We picked 11 month old Crispin up on a Thursday night. The first thing he did in my home was jump up on the kitchen counter, but I blocked him mid-air much to his surprise. The previous foster home had warned us about his surfing habits (among other things) and we were ready for him. The baby gates were already up and he dragged his leash. He didn’t try again that night. We introduced him to our two, let him out one more time and went to bed where he settled in his crate right away. All-in-all we had a good first night.
The next day I brought him to work with me. He was amazing. Brilliant even. He was lazy, slept at my feet, stayed solidly when I went to the printer, etc. Better than any dog I've brought into the office, my own included. I couldn't believe this, he was less than a year old and a lab! So calm! He was happy as could be, this calm wasn't stress related. I figured he was showing me how his foster family had done an excellent job with him. At around 4:00 he was nice and relaxed so I felt it was safe enough to take a quick washroom break.
When I came out my boss was sitting in the foyer.
"Tracy, we have problem." He said in his German accent.
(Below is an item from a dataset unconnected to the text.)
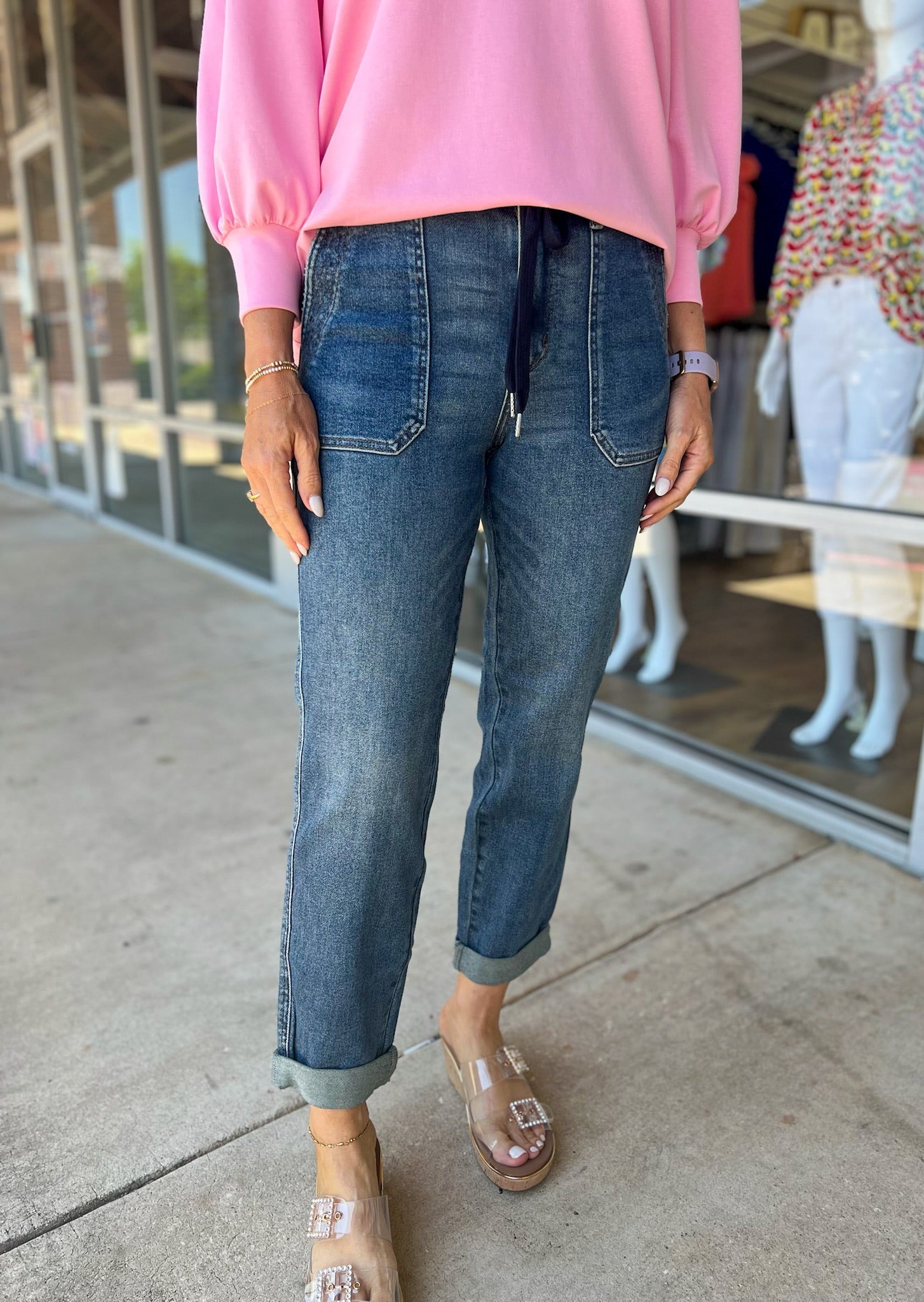 Judy Blue High Waisted Dark Vintage Wash Joggers - A'Bekah's Boutique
There was a brown long lumpy puddle on the carpet at his feet. My mind was racing as I took action. Because of the colour I wasn’t sure which end it came out of. When Crispin started heaving again I had my answer to that question. Of the two possibilities, I figured that was the best case scenario and more forgivable from an outsiders point of view – the poor dog was sick, right?!
When I went to pick up his leash he frantically tried to re-eat his vomit so I wouldn't get it first. Whatever. It's disgusting but normal dog behaviour and I wasn't too concerned until I noticed it was solid. Ewww. I grabbed his leash and ran him outside. Nothing came out and I still had to clean up that carpet upstairs ASAP. Taking him back inside he suddenly decided to show me something else the previous fosterhome had warned me about - his fear of heights. He slammed on the brakes and wouldn't go near the stairs. Argh! Not a good time to deal with that issue I quickly tied him to the banister in the hallway and left him there. At least it was tiled and easy to clean if necessary.
Once upstairs I saw what he'd vomited in front of my boss, and finally understood why it shaped in a long solid lump...
Underwear that had been sitting in his stomach since before I picked him up.
It was the most disgusting, revolting, awful thing ever. From the sight to the smell to the location and the audience. Could it have been any worse? I nearly threw up myself right then and there. While on my hands and knees scrubbing the carpet I was frantically wondering if there were any agencies looking to hire a senior graphic designer?
It took me a few months to work up the courage to bring another dog into the office again. It's a huge priviledge that I really appreciate and don't take advantage of, incidences like this aren't a good thing.
It served me right for trusting a new dog, for not having him tethered to my desk and for leaving him on his own, among many other things!
On the bright side of things I'm happy to report that his energy was much higher after his system was cleaned out, exactly to the level I would expect from a healthy young black lab.